Exercise description:
From the first line of the data below, copy each line up to the one containing "5904 Mount Eagle", and include that line too.

Material for this task:
━━━━━━━━━━━━━━━━━━━━

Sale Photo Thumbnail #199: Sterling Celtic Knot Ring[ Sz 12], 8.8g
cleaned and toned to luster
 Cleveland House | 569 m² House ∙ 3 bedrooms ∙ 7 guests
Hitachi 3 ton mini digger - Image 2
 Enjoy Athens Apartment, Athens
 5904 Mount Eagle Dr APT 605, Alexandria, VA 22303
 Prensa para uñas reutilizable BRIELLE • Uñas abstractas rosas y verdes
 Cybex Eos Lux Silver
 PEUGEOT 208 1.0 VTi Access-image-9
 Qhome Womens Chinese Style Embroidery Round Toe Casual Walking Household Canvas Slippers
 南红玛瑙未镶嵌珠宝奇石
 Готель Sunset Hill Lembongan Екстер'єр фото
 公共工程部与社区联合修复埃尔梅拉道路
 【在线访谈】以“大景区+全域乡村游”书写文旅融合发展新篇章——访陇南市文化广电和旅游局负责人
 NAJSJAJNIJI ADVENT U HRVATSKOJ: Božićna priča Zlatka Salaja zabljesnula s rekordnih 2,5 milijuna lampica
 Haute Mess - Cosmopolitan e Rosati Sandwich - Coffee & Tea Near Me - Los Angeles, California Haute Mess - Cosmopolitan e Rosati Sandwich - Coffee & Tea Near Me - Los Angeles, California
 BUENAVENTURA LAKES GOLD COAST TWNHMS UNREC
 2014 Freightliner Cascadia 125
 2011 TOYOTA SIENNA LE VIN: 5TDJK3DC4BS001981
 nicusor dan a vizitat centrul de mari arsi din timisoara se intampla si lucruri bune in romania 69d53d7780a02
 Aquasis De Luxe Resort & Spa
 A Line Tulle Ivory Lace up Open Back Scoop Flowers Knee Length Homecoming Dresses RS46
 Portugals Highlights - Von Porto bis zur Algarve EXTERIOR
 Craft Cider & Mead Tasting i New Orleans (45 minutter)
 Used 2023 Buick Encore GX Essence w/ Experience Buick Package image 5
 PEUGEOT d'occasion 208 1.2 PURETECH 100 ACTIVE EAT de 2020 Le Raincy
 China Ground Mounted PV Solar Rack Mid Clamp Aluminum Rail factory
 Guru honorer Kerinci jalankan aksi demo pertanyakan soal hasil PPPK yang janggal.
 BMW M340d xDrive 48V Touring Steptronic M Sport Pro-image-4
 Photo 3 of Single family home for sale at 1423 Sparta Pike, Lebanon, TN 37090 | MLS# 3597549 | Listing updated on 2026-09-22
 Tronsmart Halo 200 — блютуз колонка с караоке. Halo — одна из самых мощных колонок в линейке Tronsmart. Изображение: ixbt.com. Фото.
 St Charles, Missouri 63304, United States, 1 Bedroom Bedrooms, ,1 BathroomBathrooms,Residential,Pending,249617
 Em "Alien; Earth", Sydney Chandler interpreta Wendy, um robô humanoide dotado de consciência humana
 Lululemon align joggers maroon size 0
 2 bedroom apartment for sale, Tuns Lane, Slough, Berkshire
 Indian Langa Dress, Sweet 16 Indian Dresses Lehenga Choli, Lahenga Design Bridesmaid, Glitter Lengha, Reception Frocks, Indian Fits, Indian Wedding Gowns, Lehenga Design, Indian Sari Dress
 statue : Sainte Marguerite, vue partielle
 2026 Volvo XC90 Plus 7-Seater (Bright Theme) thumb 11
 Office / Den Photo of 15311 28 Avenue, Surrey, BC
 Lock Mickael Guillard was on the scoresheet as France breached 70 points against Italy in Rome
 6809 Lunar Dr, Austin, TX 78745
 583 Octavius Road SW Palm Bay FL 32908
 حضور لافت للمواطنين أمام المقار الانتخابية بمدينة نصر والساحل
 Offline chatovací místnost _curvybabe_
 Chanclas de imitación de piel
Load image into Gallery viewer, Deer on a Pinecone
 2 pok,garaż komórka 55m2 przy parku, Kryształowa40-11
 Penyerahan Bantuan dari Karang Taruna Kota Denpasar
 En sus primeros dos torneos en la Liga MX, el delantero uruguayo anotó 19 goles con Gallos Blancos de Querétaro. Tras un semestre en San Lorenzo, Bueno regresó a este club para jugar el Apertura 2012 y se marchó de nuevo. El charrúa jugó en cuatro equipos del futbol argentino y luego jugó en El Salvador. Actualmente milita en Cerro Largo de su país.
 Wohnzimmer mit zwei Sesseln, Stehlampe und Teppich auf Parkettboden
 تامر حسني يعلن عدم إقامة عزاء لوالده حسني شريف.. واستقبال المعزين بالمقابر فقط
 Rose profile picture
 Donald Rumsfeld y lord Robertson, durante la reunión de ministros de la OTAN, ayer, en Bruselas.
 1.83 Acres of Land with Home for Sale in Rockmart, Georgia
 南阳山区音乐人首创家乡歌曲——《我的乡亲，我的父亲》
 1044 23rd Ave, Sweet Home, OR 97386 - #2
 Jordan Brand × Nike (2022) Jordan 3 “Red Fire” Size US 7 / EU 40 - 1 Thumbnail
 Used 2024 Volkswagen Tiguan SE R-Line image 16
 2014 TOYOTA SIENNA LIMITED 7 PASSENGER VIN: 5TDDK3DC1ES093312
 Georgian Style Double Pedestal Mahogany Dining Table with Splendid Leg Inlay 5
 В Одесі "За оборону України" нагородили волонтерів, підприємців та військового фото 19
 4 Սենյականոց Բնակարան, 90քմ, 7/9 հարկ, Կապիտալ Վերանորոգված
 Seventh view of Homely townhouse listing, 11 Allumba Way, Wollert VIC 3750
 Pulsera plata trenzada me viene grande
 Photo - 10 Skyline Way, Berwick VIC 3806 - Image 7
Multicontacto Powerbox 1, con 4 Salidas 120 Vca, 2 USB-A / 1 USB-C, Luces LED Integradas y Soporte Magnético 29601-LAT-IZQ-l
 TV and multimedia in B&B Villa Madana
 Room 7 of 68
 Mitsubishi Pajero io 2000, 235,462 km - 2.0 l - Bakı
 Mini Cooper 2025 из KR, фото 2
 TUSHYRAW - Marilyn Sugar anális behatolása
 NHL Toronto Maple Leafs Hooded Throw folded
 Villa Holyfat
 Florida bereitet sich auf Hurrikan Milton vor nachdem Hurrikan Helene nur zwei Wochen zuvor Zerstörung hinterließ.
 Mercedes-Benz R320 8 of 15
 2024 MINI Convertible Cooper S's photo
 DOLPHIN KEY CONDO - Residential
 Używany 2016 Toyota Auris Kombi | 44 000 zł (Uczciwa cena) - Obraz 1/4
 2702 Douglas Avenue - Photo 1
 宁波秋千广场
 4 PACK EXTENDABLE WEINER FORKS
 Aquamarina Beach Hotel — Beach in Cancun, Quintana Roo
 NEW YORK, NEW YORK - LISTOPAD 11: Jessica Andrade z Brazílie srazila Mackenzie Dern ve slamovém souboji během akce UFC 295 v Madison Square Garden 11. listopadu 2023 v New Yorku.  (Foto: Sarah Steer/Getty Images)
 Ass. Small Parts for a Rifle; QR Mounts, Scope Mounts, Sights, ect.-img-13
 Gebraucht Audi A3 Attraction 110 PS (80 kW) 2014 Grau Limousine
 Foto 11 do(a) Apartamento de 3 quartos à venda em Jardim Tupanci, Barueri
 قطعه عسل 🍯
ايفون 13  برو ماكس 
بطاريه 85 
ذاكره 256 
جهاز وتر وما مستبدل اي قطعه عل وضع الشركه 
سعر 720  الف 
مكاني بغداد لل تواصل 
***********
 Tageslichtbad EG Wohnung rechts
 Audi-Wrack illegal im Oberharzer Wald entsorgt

━━━━━━━━━━━━━━━━━━━━

Solution to this task:
Sale Photo Thumbnail #199: Sterling Celtic Knot Ring[ Sz 12], 8.8g
cleaned and toned to luster
 Cleveland House | 569 m² House ∙ 3 bedrooms ∙ 7 guests
Hitachi 3 ton mini digger - Image 2
 Enjoy Athens Apartment, Athens
 5904 Mount Eagle Dr APT 605, Alexandria, VA 22303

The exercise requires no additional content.